A faithful transcript of all the lines below, with no pictures, is the goal here.
───── PROVIDED DATA ─────
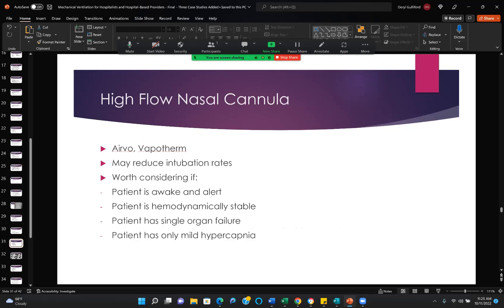High flow nasal cannula — you may actually avoid some intubations by using high flow nasal cannula. Your facility uses ARVO, which is a very good technology. It may reduce intubation rates. It's worth considering if the patient is awake and alert, hemodynamically stable, has one organ failure — not multi-system failure — and has only mild hypercapnia. We can go up to 60 liters per minute now. As long as the gas is heated to body temperature and fully humidified, the patient does tolerate it.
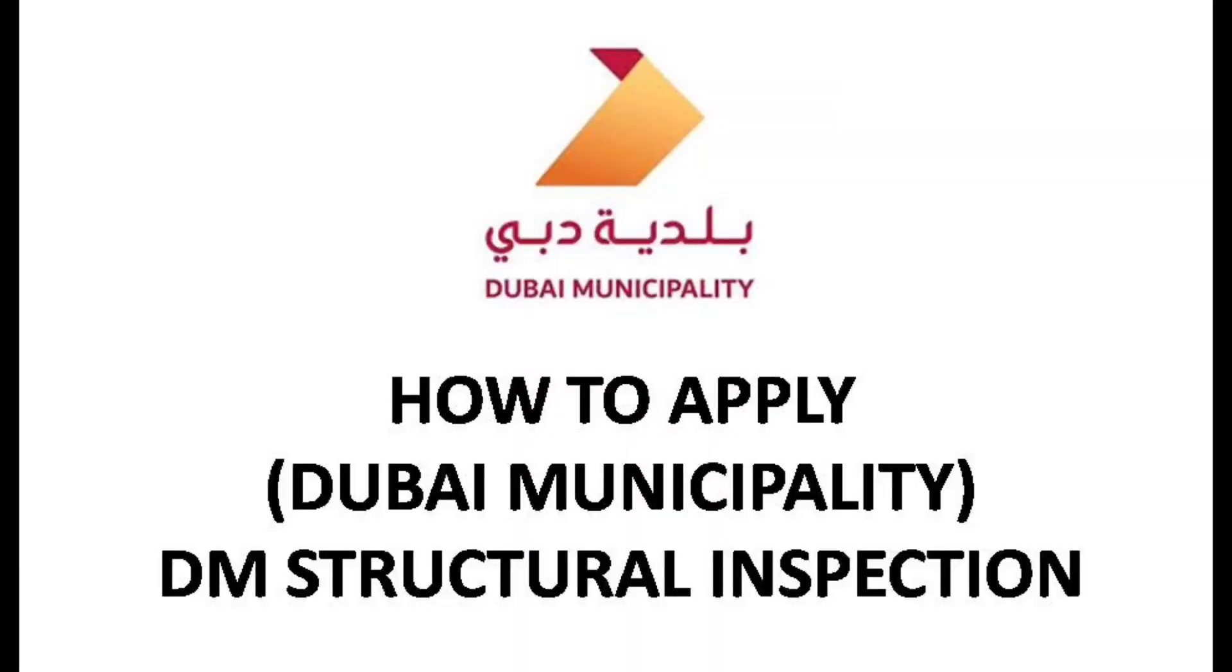Hello good day engineers. In this video I'm going to show you how to apply for Dubai Municipality structural inspection.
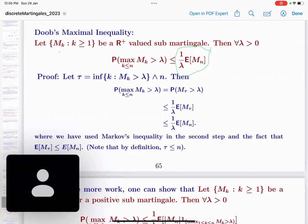If you have a martingale and you transform it via predictable multipliers, you can only remain a martingale, and a sub-martingale will remain only a sub-martingale, as long as the multipliers are non-negative.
─────
*RESPONSE TO THIS EXERCISE:*
High flow nasal cannula — you may actually avoid some intubations by using high flow nasal cannula. Your facility uses ARVO, which is a very good technology. It may reduce intubation rates. It's worth considering if the patient is awake and alert, hemodynamically stable, has one organ failure — not multi-system failure — and has only mild hypercapnia. We can go up to 60 liters per minute now. As long as the gas is heated to body temperature and fully humidified, the patient does tolerate it.
Hello good day engineers. In this video I'm going to show you how to apply for Dubai Municipality structural inspection.
If you have a martingale and you transform it via predictable multipliers, you can only remain a martingale, and a sub-martingale will remain only a sub-martingale, as long as the multipliers are non-negative.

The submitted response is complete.